The shipped fly.toml uses the multi-stage Dockerfile at the repository root and overrides the container CMD with HTTP-mode flags:

[experimental]
cmd = [
"--http",
"--http-addr", "0.0.0.0:8080",
"--tool-surface=meta",
"--auto-update=false",
"--trusted-proxy-header", "Fly-Client-IP"
]
Terminal window
flyctl status # Machine state and recent deploys
flyctl logs # Live tail of structured logs
flyctl scale count 2 # Run two machines (e.g. for HA)
flyctl scale memory 512 # Bump memory to 512 MB (default in fly.toml: 256 MB)
  • The Fly proxy probes GET /health every 30s with a 5s timeout (configured under [[http_service.checks]])
  • TLS is terminated at the Fly edge with force_https = true — internal traffic to the machine on port 8080 is HTTP
  • auto_stop_machines = "stop" and min_machines_running = 0 let idle deployments scale to zero between requests

Auto-update is disabled in the shipped configuration (--auto-update=false). On Fly.io, the recommended upgrade flow is to redeploy with a new image:

Terminal window
flyctl deploy --image ghcr.io/jmrplens/gitlab-mcp-server:<version>

This replaces the running machines with the new version atomically and preserves your secrets and configuration.

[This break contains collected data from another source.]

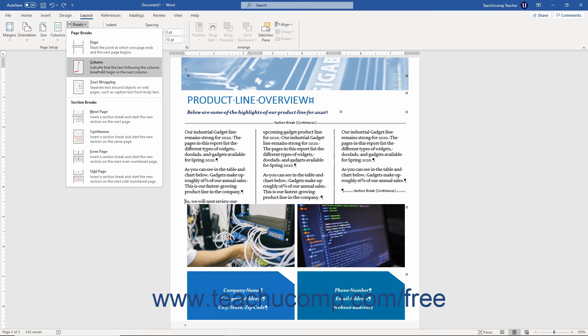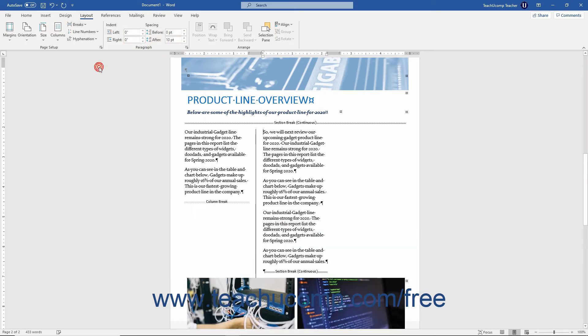Finally, click the column choice in the drop-down menu to add a column break at your cursor's current location.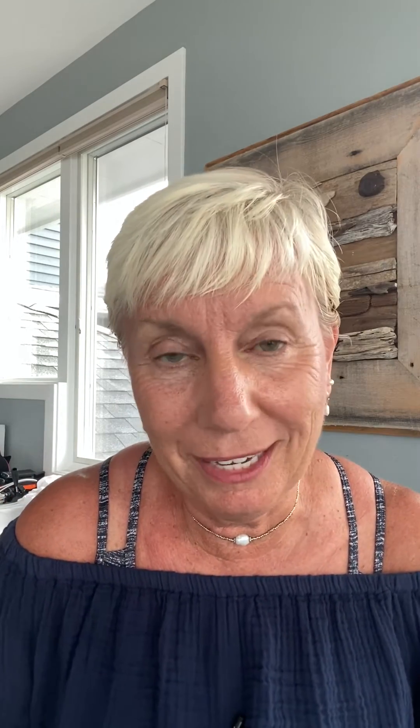When people ask me about Threads, I like to say it's Instagram upside down, because it's almost like you're leading with the thoughts that you put in your caption, and then you're supporting that with some kind of visual if you want to — either a photo, a video, or a link of some kind.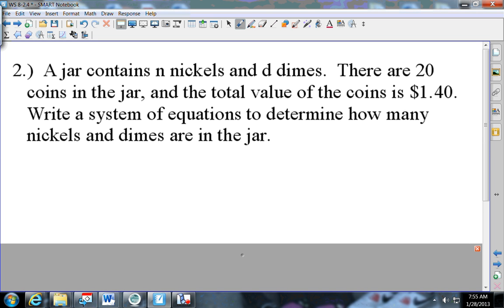The next problem says a jar contains nickels and dimes. There are 20 coins in the jar. The total value of the coins is a dollar forty. Write a system of equations to determine how many nickels and dimes there are.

The shipped fly.toml runs in legacy auth mode (PAT per request). OAuth mode is also supported but requires a stable public URL known at startup so the OAuth discovery endpoints (/.well-known/oauth-protected-resource) advertise the right metadata. To enable OAuth, set --auth-mode=oauth and --gitlab-url=<your-default> in the cmd array, then redeploy. See docs/oauth-app-setup.md for the GitLab OAuth Application setup.

You can verify the server is running by sending a tools/list request:

Terminal window
curl -s -X POST http://localhost:8080/mcp \
-H "Content-Type: application/json" \
-H "PRIVATE-TOKEN: glpat-your-token" \
-d '{"jsonrpc":"2.0","method":"tools/list","id":1}' | head -c 200

A successful response returns a JSON-RPC result with the list of available tools.